WORK TO COMPLETE
From the line that contains "Carrig Celtic FC Set Zamora IX" to the final line of the records below, print each line exactly and leave every picture out.

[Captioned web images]
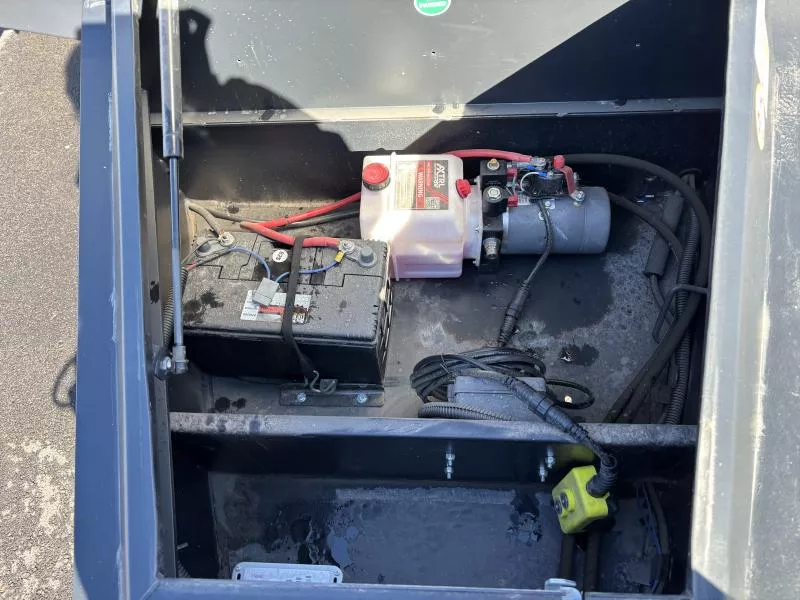 new Equipment / Flatbed Trailers RawMaxx  for sale, in Hurricane, UT Thumbnail 6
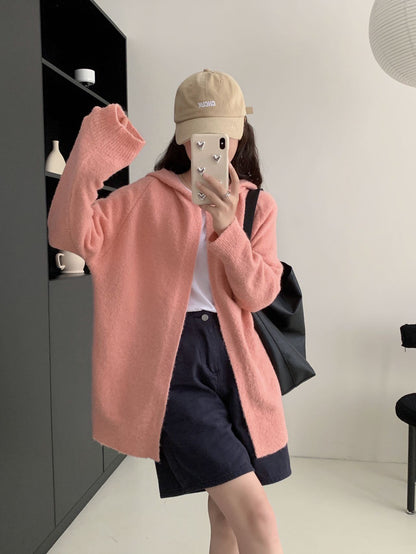 Beautifully Crafted Cardigan
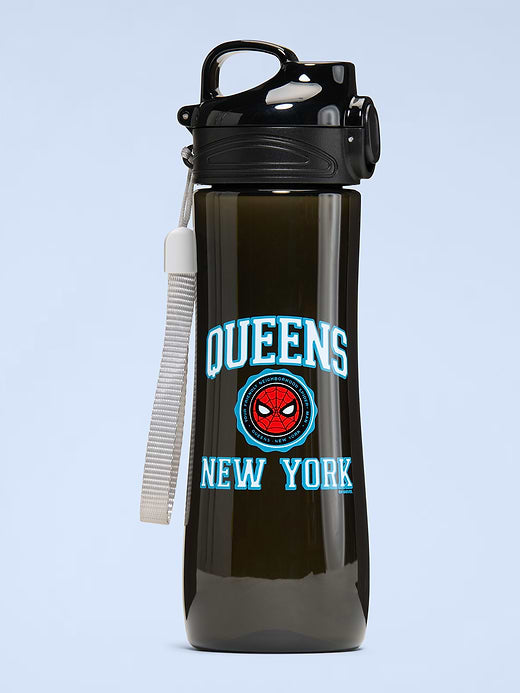Old Navy x Marvel Spider-Man Water Bottle - Panther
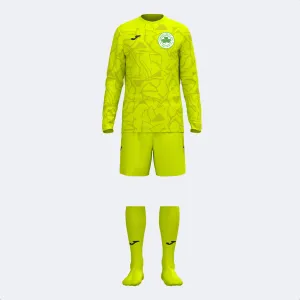 Carrig Celtic FC Set Zamora IX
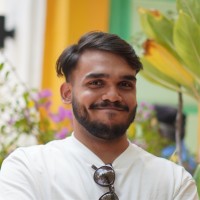 Flywl Employee Harish Kumar's profile photo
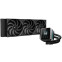 Système de refroidissement liquide DeepCool MYSTIQUE 360 - R-LX750-BKDSNMP-G-1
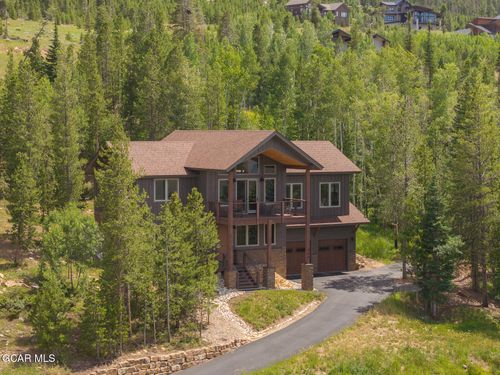 740 Cirrus Way, GRANBY, CO, 80446-5120 | Card Image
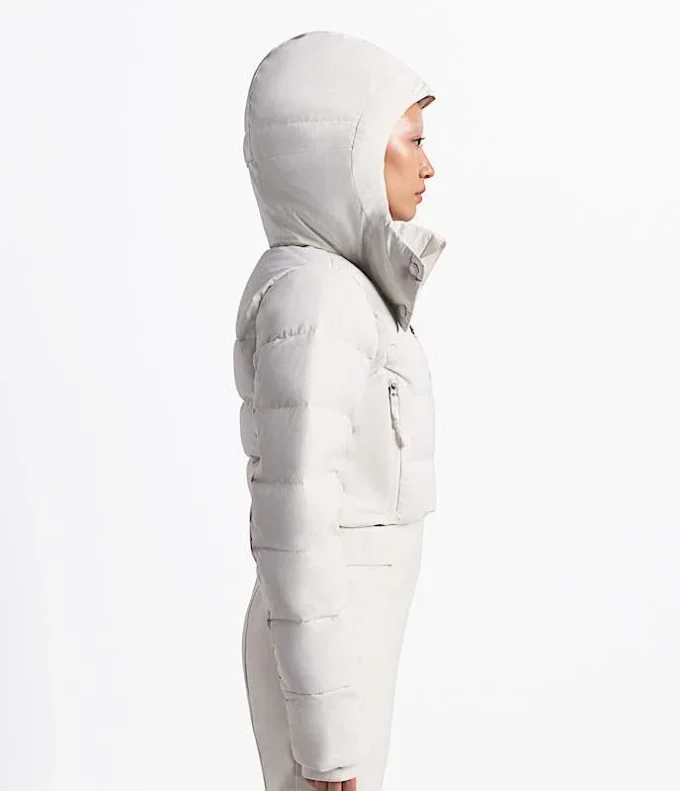 The North Face X SKIMS Tuta da donna Off The Clock The North Face X SKIMS Tuta da donna Off The Clock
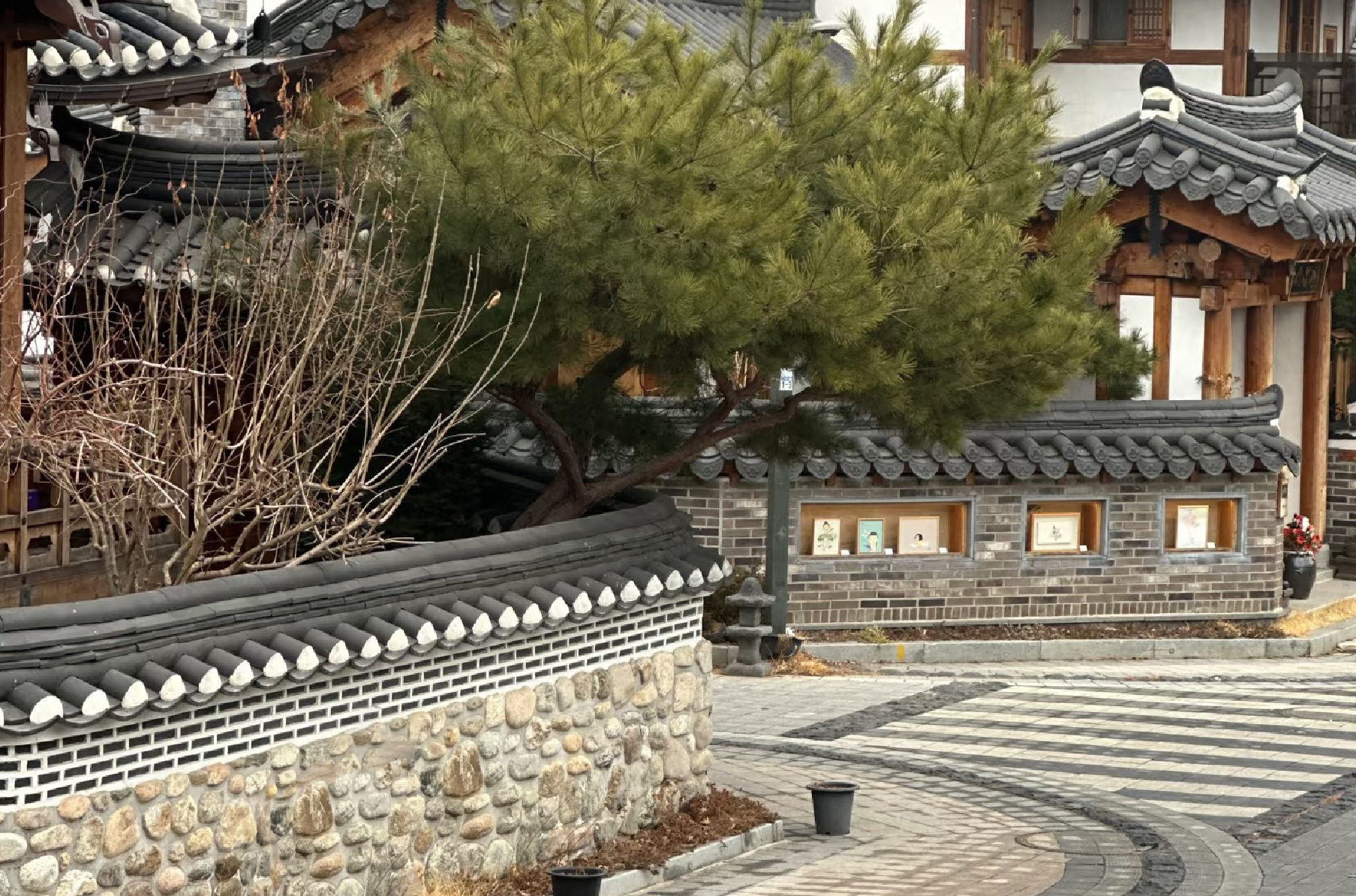 首爾城市觀光 & 夜景一日遊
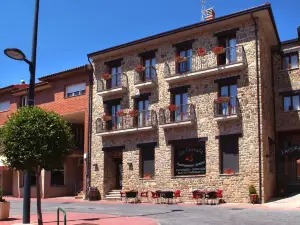 Apartahotel la Corrala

TASK RESULT
 Carrig Celtic FC Set Zamora IX
 Flywl Employee Harish Kumar's profile photo
 Système de refroidissement liquide DeepCool MYSTIQUE 360 - R-LX750-BKDSNMP-G-1
 740 Cirrus Way, GRANBY, CO, 80446-5120 | Card Image
 The North Face X SKIMS Tuta da donna Off The Clock The North Face X SKIMS Tuta da donna Off The Clock
 首爾城市觀光 & 夜景一日遊
 Apartahotel la Corrala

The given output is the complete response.